Cette souffrance-présence de vos personnages est aussi dans le manque d’interlocuteurs. Ils ne trouvent personne pour les écouter. Riwka doit supporter la litanie de son mari qui associe crassement oubli et joie de vivre. Le père retrouvé de Régine, interlocuteur possible, s’avère un faux-père. Quant à Véra, sa quête d’identité bute sur l’indifférence de la grande ville en activité. Ainsi, sur la question cruciale de la transmission, le film semble pessimiste.

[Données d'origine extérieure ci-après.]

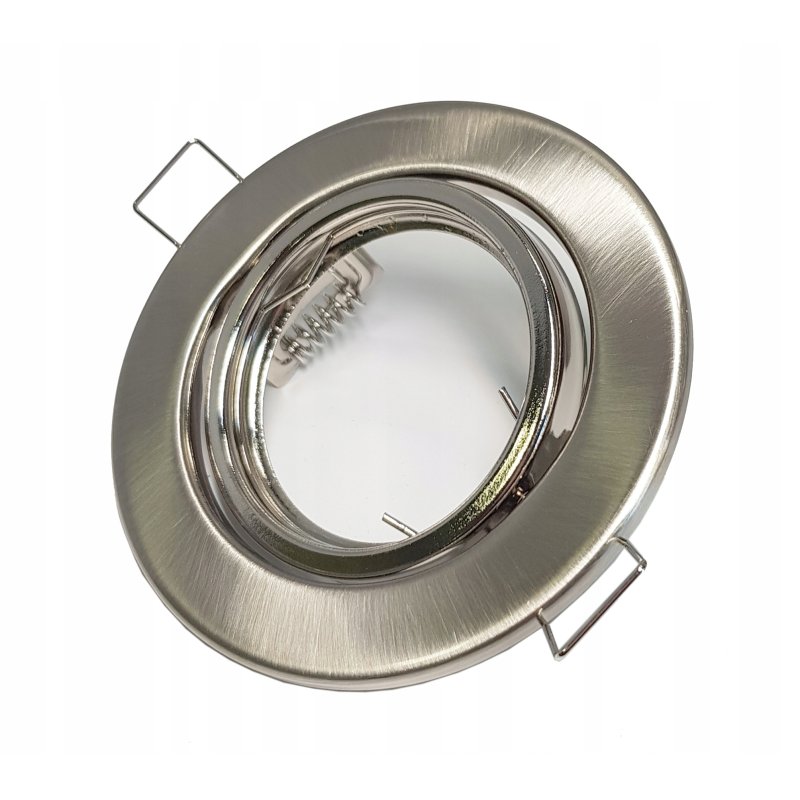 OPRAWA HALOGENOWA LED RUCHOMA SATYNA+GNIAZDO GU10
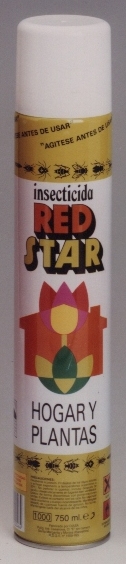 HOGAR Y PLANTAS RED STAR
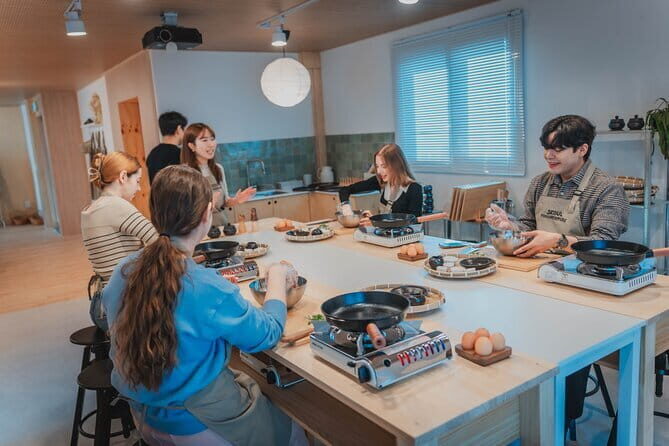 Korean Cooking Class with Grocery Shopping at Seoul Local Market - Key highlights at a glance
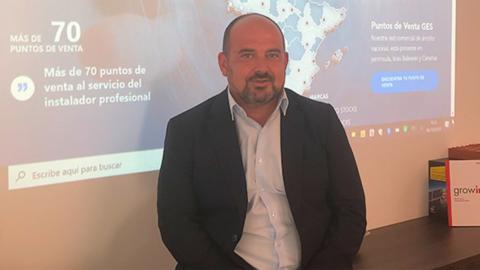 El nuevo director comercial de GES - Grupo Electro Stocks, Cristóbal Veyrat.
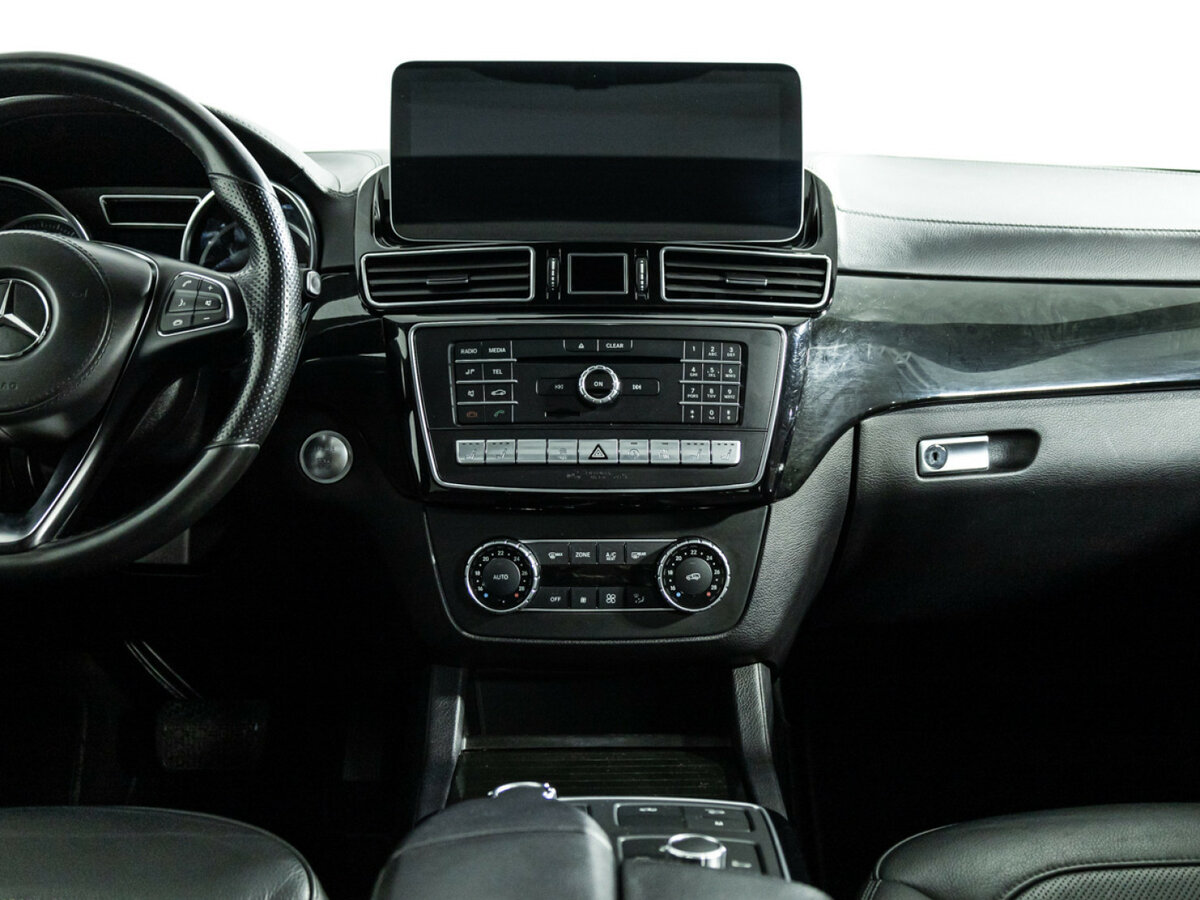 Купить Mercedes-Benz GLS с пробегом. Фото: #13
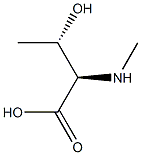 N-Me-D-Thr-OH·HCl Struktur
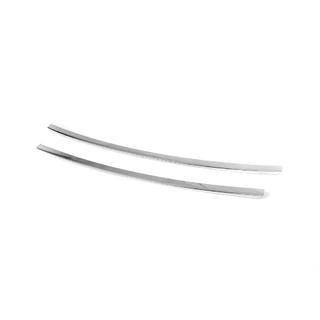 Grille trim strips (2 pcs, stainless steel) Hyundai I-20 2012-2014 photo 3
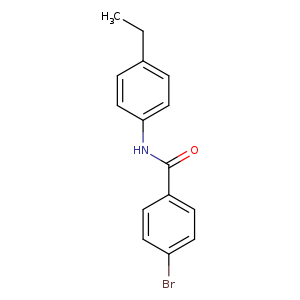 4-Bromo-N-(4-ethylphenyl)benzamide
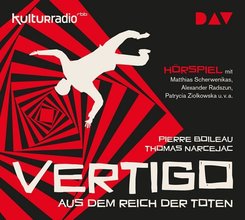 Vertigo. Aus dem Reich der Toten, 1 Audio-CD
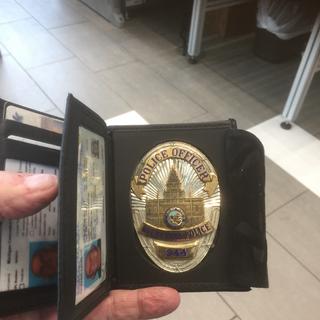 Galls Custom Deluxe Hidden Badge ID and Concealed Carry Wall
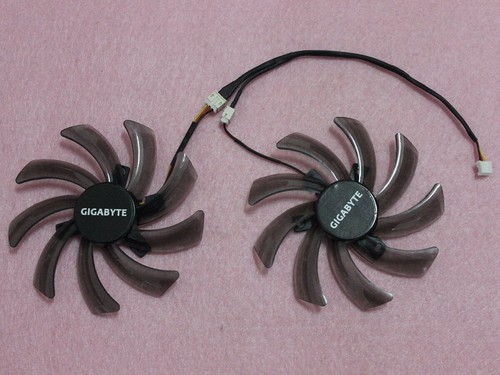Pair fans cooler - cooler, fan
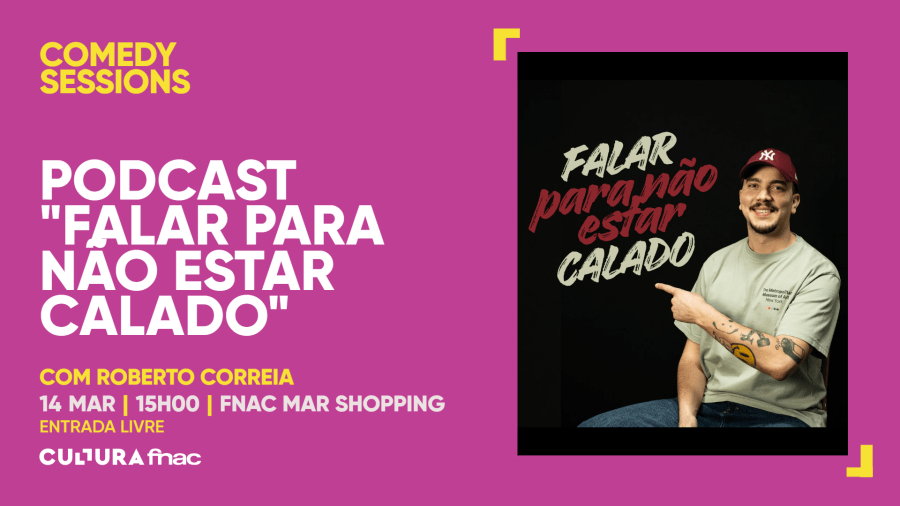 Podcast 'Falar para não estar calado'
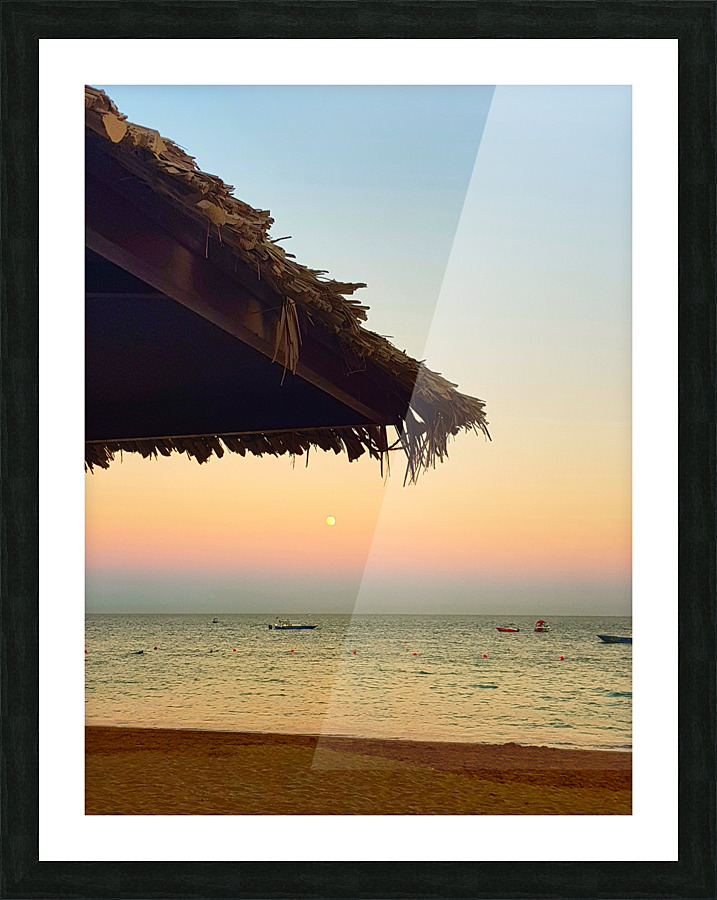 Layers Picture Frame print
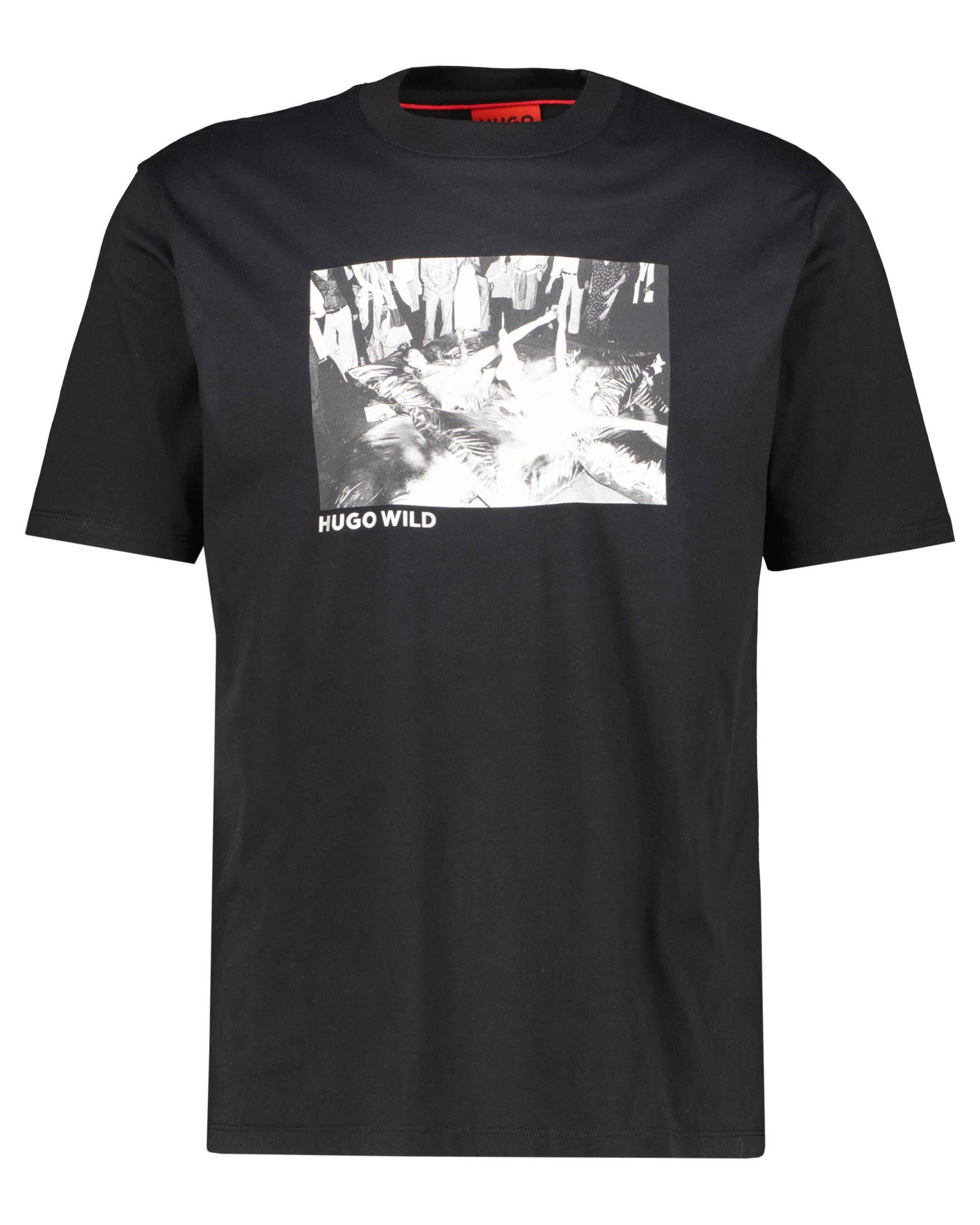 HUGO T-Shirt Herren T-Shirt DIRLS (1-tlg)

Oui, je suis assez pessimiste : d’abord, sur la transmission de la culture yiddish dont je prétends qu’elle disparaîtra, en grande part, avec la disparition physique des gens qui ont appréhendé le monde en yiddish ; disparition d’une culture au sens plein du terme, que n’empêchera pas la survivance de la langue apprise dans les écoles, etc. Ensuite, sur la mémoire des camps, je dirais deux choses : en terme d’héritage, de transmission dans le temps, l’information passe par des voies nombreuses et les nouvelles générations ne sont pas ignorantes. En revanche, sur la possibilité de transmettre à l’autre ce qui est sa propre douleur, à l’intérieur d’une cellule familiale ou à l’intérieur d’un couple, je suis assez pessimiste. Chacun, dans la sensation de ce dont il se souvient, est seul, confronté à lui-même.